- **Your goal**
Below, locate the line that contains "Blue A Line". Repeat exactly from that line to the line that contains "Poster vibrant and", inclusive, leaving out the pictures.

- **Data in this exercise**
*** Block opens ***
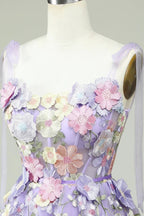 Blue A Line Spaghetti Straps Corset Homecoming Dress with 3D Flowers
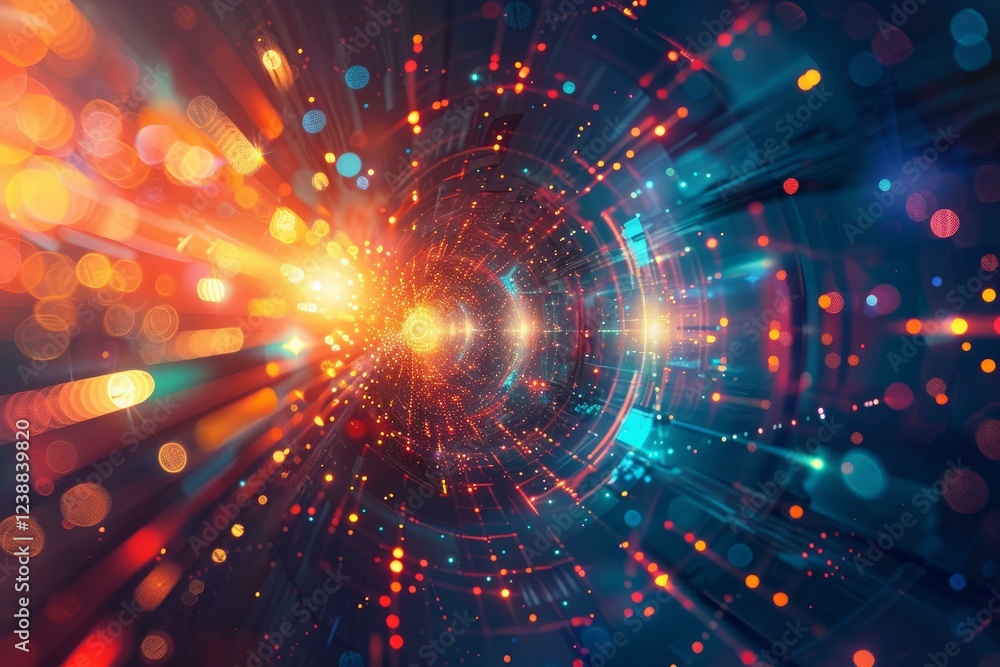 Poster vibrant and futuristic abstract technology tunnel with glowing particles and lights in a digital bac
*** Block closes ***
*** Block opens ***
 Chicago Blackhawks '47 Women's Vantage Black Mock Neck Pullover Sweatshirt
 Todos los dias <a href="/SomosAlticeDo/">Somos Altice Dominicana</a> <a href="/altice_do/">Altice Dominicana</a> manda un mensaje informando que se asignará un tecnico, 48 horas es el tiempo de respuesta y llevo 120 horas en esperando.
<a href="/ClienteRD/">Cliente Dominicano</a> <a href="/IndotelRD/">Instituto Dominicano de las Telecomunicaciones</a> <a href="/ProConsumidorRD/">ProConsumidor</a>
*** Block closes ***
- **Problem solution**
 Blue A Line Spaghetti Straps Corset Homecoming Dress with 3D Flowers
 Poster vibrant and futuristic abstract technology tunnel with glowing particles and lights in a digital bac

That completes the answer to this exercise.